Dobbiamo guardarci dentro a questa storia maledetta e dobbiamo capire cosa sta accadendo.

Ma per farlo non possiamo ragionare in astratto: dobbiamo stare con i piedi per terra, quella terra, quella terribile e meravigliosa terra d’Israele e Palestina. E se stiamo lì vediamo benissimo come stanno le cose: Hamas sta vincendo. Non nettamente, ma sta vincendo. Provo a spiegare perché in cinque punti.

Primo: sta vincendo sul campo di battaglia, perché può permettersi migliaia di morti (anzi li cerca e li provoca), saranno il serbatoio della rabbia futura capace di esplodere con ancora maggior forza tra qualche tempo.
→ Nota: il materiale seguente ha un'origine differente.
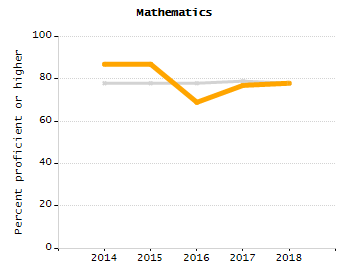 Percentage of school-aged residents enrolled in public school chart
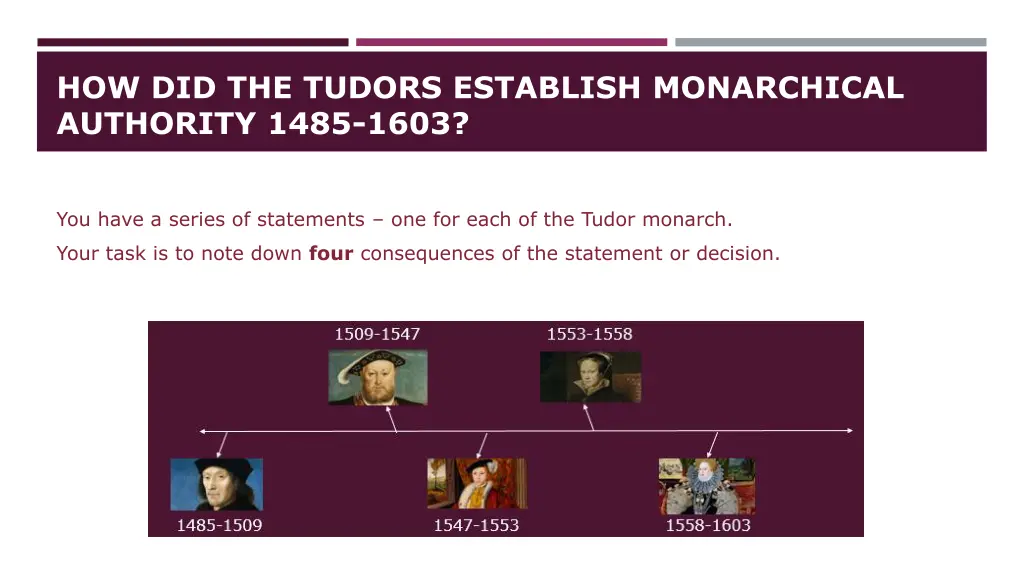 how did the tudors establish monarchical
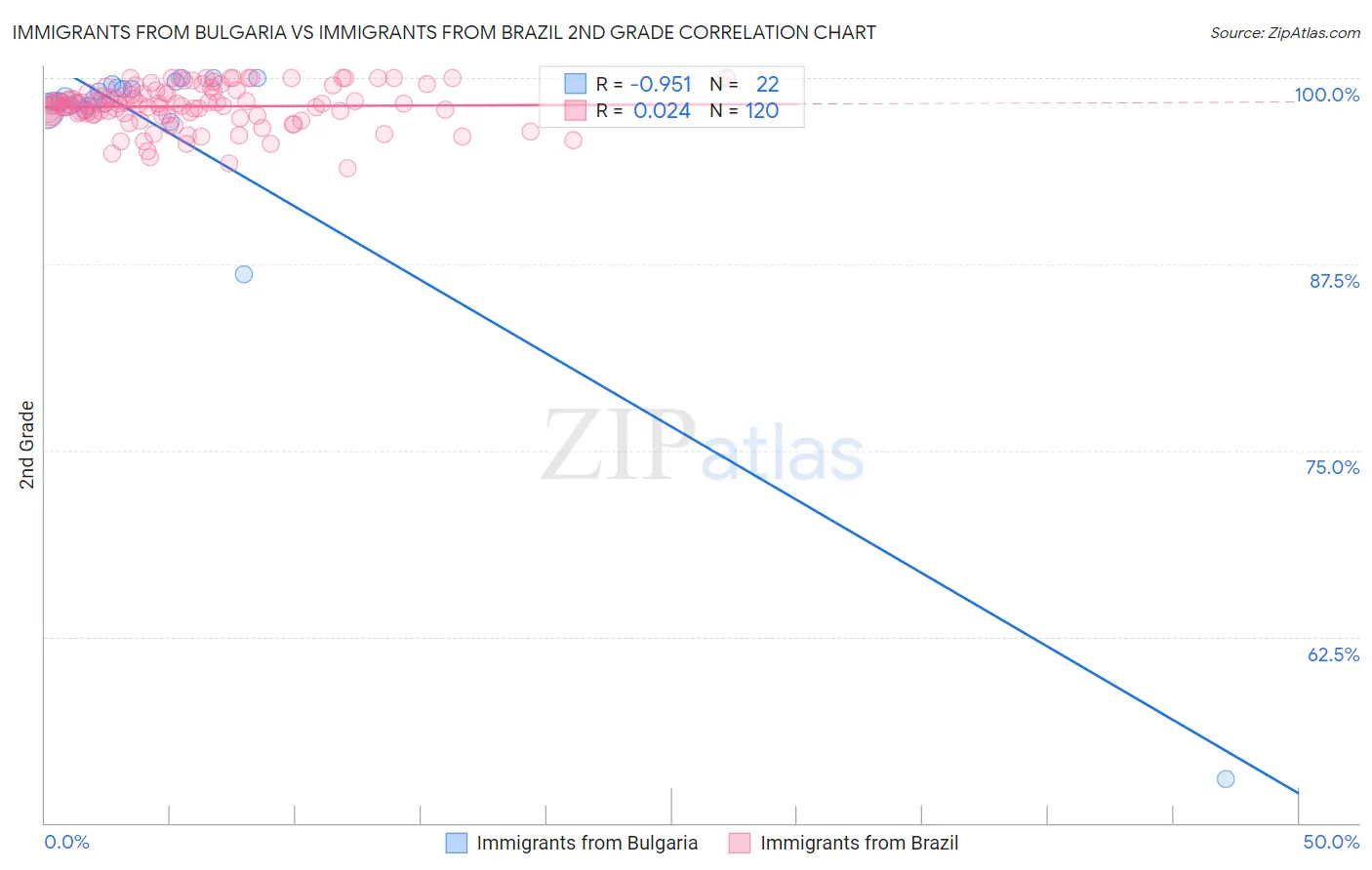 Immigrants from Bulgaria vs Immigrants from Brazil 2nd Grade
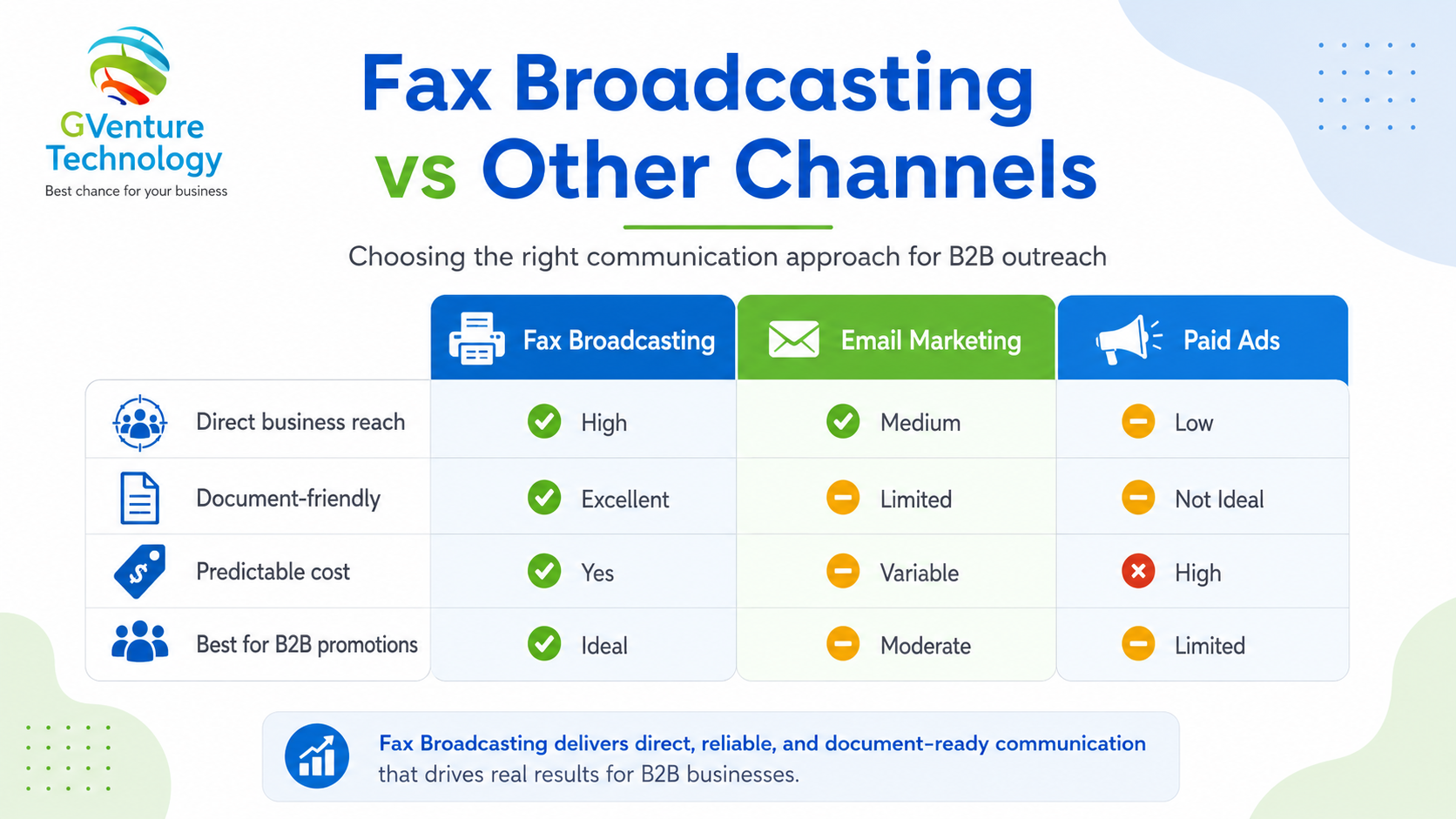 Enterprise Sales Fax Broadcasting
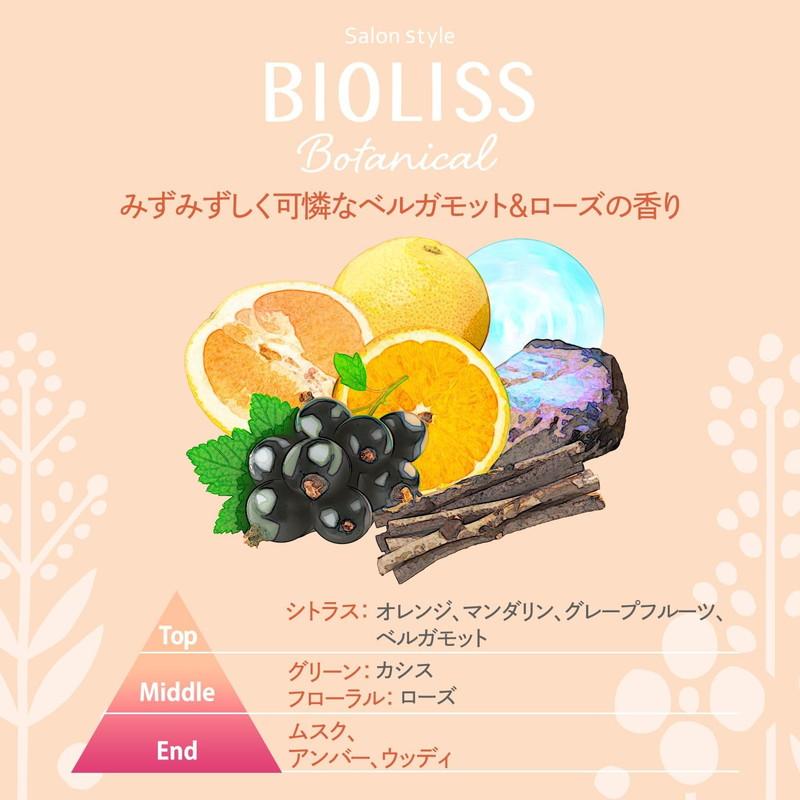 メール便 SS ビオリス ボタニカル リフレッシュ&モイスト ヘアウォーター つめかえ 230mL 4971710567892 寝ぐせ直し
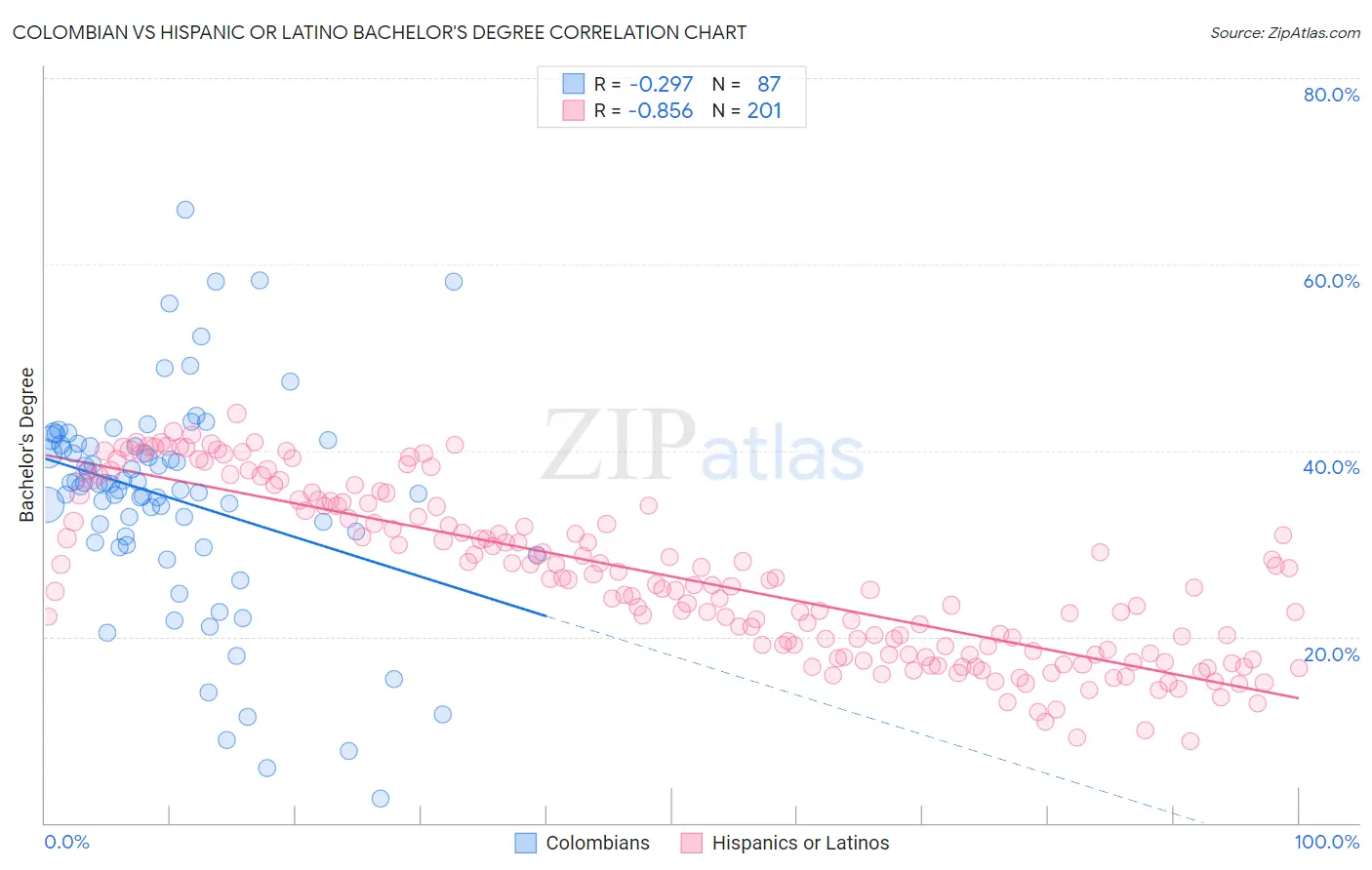 Colombian vs Hispanic or Latino Bachelor's Degree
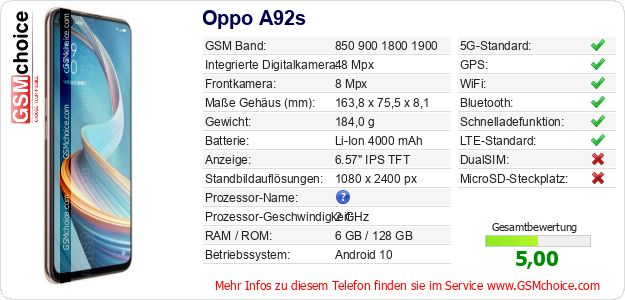 Oppo A92s technische Daten Oppo A92s technische Daten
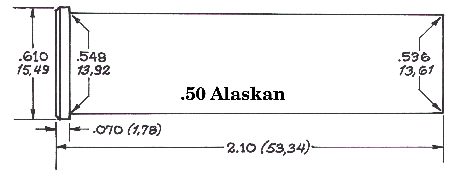 .50 Alaskan Handload Data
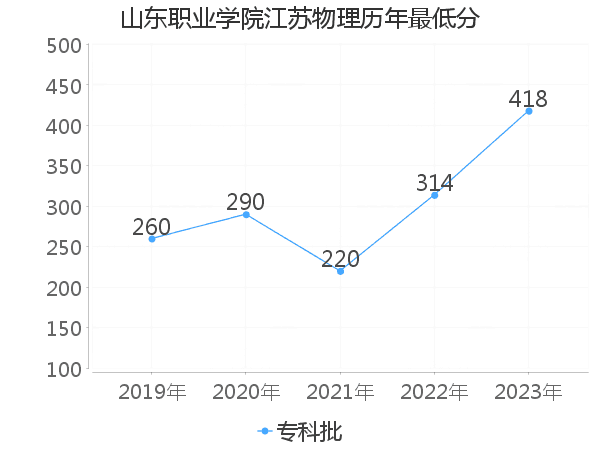 最低分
Secondo: sta vincendo sul piano militare perché l’invasione via terra della striscia di Gaza è una follia operativa e se verrà messa in campo si rivelerà un autogol (infatti il ripensamento è in corso, meno male), perché gli eserciti servono per combattere altri eserciti ma non funzionano più di tanto contro le popolazioni e perché Israele non può tenere 300.000 riservisti mobilitati all’infinito: hanno famiglie, lavori, vita privata.

Terzo: sta vincendo sul piano politico perché l’arrivo di Joe Biden è importante per Israele (e per la comunità ebraica americana) ma evidenzia un punto a mio avviso pericolosissimo: così passa il messaggio che il problema palestinese è “roba nostra” di europei e americani, il tutto mentre Vladimir Putin e Xi Jinping si fanno i fatti loro e i Paesi islamici si girano dall’altra parte (perché questo è esattamente quello che stanno facendo). Per non parlare poi del terremoto che avrà la politica interna israeliana: basta aspettare qualche mese.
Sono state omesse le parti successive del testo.